Thanks for your help


----------



## ponch37300 (Feb 27, 2008)

Well I can't find any info on this saw but what looks like the newer version from craftsman is 1400 bucks brand new and seems to get good reviews. I'm going to go look at it tomorrow night and probably buy it since it looks in decent shape and from what I can tell a very good value. It looks like a nice big machine so I would assume that it would be better than a smaller bench top planer but not for sure. He told me the model number was  351.23374 but I can't find anything about it.

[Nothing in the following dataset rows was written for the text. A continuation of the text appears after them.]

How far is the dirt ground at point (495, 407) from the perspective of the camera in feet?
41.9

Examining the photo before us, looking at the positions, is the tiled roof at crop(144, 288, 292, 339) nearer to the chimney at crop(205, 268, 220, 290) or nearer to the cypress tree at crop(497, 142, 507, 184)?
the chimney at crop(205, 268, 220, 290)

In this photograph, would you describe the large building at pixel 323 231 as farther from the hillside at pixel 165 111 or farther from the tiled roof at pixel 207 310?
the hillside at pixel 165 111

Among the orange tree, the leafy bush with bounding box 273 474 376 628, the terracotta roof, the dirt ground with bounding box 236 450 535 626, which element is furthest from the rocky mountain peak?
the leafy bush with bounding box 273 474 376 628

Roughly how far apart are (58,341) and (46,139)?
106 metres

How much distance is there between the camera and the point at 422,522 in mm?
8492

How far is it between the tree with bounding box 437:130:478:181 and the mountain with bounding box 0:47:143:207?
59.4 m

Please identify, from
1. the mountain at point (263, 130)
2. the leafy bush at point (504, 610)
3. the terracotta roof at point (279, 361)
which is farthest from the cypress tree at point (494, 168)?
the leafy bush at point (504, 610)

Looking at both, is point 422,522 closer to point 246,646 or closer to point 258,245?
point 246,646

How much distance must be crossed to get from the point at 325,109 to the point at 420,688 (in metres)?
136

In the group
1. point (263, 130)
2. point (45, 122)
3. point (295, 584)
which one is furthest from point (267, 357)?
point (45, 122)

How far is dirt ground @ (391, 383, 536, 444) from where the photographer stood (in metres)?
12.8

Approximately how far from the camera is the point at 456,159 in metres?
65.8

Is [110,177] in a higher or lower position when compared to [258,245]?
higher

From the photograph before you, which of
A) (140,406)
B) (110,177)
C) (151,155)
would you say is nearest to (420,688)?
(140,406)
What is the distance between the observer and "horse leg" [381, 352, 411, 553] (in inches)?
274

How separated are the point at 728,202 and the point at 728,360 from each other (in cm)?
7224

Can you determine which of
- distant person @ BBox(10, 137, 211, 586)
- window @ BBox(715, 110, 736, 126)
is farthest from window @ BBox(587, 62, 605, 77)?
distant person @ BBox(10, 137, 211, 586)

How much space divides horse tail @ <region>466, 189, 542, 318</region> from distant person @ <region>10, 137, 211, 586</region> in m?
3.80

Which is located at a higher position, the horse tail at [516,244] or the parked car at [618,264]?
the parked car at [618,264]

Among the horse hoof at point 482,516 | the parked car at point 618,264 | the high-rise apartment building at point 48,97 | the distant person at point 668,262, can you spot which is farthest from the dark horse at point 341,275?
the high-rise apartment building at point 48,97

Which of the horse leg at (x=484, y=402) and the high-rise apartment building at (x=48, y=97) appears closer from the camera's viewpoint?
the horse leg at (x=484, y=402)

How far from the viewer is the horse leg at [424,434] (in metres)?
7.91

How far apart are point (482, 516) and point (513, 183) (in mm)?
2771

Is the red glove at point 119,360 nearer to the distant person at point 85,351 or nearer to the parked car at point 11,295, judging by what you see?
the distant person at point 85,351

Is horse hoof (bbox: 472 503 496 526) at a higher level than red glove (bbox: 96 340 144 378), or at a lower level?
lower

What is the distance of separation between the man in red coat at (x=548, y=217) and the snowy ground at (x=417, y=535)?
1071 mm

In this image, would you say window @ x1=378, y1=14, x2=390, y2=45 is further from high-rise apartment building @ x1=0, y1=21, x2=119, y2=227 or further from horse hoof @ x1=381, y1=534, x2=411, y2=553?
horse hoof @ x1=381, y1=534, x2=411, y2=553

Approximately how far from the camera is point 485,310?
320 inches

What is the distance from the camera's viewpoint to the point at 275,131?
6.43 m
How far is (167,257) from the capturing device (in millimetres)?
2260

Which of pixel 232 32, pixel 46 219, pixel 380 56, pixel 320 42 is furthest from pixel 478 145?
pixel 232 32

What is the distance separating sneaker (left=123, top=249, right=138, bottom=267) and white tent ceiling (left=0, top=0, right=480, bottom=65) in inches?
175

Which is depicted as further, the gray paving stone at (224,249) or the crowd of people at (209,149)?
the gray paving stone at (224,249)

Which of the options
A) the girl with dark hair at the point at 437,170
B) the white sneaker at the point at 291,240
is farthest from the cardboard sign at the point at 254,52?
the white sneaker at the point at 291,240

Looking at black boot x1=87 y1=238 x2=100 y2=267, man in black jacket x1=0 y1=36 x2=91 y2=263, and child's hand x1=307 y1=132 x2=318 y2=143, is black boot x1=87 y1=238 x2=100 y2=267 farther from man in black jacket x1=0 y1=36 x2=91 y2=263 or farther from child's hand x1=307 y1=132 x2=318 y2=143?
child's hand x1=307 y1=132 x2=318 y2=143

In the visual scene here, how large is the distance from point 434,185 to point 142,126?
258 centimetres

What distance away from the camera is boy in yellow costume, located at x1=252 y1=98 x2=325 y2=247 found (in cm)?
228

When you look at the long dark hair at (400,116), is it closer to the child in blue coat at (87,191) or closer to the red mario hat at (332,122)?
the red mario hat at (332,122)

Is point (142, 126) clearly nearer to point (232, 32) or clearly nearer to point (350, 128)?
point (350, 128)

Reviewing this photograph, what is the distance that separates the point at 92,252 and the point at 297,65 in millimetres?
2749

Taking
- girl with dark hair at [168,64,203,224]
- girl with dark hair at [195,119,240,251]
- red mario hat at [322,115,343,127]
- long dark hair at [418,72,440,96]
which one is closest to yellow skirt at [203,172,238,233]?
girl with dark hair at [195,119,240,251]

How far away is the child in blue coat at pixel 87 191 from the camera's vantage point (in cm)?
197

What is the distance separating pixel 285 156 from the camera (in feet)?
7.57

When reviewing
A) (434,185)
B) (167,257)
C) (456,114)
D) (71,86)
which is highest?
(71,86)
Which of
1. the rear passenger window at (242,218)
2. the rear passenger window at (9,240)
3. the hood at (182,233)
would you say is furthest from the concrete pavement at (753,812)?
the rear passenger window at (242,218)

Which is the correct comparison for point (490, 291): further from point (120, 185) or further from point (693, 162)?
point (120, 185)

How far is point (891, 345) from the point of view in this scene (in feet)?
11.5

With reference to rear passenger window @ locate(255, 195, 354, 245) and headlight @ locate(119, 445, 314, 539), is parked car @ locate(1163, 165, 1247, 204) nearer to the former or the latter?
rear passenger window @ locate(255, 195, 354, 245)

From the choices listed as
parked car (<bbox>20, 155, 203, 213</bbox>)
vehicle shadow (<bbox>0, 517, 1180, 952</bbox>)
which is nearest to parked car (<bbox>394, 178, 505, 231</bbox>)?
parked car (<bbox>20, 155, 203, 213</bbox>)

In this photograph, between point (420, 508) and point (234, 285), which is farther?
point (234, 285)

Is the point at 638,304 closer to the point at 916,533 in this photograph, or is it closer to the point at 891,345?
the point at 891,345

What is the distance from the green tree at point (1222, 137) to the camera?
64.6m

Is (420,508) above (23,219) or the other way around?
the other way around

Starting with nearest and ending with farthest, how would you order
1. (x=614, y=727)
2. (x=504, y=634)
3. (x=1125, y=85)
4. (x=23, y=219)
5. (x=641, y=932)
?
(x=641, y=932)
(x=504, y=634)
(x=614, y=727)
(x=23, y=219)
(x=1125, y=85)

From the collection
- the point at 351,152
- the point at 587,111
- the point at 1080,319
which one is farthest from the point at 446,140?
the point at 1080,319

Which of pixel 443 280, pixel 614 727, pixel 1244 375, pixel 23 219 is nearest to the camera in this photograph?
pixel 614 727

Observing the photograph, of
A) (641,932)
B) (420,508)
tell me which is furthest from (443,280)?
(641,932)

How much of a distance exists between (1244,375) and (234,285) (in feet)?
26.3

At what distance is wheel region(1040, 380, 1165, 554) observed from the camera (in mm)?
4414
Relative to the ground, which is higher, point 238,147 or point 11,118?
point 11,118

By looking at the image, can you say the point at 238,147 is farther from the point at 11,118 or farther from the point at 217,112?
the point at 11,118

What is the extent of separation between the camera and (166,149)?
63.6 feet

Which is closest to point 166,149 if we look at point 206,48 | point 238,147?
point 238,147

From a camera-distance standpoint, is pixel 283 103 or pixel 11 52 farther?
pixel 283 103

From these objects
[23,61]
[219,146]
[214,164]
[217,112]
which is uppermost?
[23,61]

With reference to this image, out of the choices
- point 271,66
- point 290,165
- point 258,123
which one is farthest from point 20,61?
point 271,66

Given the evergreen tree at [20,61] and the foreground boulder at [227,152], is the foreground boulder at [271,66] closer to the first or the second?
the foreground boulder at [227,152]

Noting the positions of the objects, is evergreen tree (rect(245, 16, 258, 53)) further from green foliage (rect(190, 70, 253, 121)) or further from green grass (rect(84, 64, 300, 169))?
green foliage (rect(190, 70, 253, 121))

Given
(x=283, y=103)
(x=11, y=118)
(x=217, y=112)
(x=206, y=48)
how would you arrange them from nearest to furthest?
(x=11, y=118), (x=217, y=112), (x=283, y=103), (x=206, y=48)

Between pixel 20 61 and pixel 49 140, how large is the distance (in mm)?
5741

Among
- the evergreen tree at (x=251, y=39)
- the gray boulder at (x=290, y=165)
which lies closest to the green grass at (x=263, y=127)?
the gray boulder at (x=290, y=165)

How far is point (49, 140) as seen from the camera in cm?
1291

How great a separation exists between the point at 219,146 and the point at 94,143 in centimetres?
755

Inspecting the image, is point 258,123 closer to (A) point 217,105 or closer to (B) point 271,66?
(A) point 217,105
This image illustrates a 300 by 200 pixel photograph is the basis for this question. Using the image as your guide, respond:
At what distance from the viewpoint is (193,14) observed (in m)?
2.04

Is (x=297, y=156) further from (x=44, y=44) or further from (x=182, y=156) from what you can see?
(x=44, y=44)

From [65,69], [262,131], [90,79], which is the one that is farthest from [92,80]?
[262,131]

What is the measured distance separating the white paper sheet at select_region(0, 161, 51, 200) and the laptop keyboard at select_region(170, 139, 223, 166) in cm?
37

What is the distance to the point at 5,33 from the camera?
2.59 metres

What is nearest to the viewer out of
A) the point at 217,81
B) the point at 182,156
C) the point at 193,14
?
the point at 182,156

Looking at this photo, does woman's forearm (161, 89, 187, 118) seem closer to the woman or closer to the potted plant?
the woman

I'm probably going to buy this and hope it's not a piece of junk but if anyone has any info on this or has used one please fill me in on what you think. I'm kinda hoping to hear some good news about it by tomorrow afternoon so I know that is a decent planer and can buy it with good feelings! Thanks, Scott


----------



## ponch37300 (Feb 27, 2008)

Well I just picked this up tonight. It runs good and the blades are sharp. It does have some surface rust on it from sitting for about 5 years according to the seller. But everything moves like it should. I think I got a pretty good deal compared to spending 500 or more on a small 13" planer. But haven't heard anything from anyone that owns one so guess I'll have to wait till I use it to see if it was a good score or not. It was VERY heavy! 3 of us decent sized guys to lift it into the truck, getting it out was the hardest part.

I'm guessing since no one has replied that no one has any experience with this planer. But if anyone has any info or knows anything about this please fill me in. 

Thanks, Scott


----------



## woodnthings (Jan 24, 2009)

*Ponch this must be a rare bird*

Here's the closest review I could find: http://products.howstuffworks.com/craftsman-professional-15-inch-planer-21702-review.htm
It's after the fact now, but based on your last post I think you did well. My first 13" Foley Belsaw planer was $300 w/o motor bought in the '70's. Still running well now. Cast iron does not wear out and bearings and knives can be replaced. Also www.Searsparts.com is pretty good about having parts and manuals. Bob Vila is a forum that may have more info. So, off with the rust and out with the chips! :thumbsup: bill


----------



## ponch37300 (Feb 27, 2008)

Thanks woodnthings. I ordered a manual for it last night, cost 15 bucks from craftsman, their the first company that charges for their manual(usually I just go online and download them for free. I Think that's pretty high price but wanted to try and learn something about the planer. I think I'll be happey with it compared to a smaller 13" planer.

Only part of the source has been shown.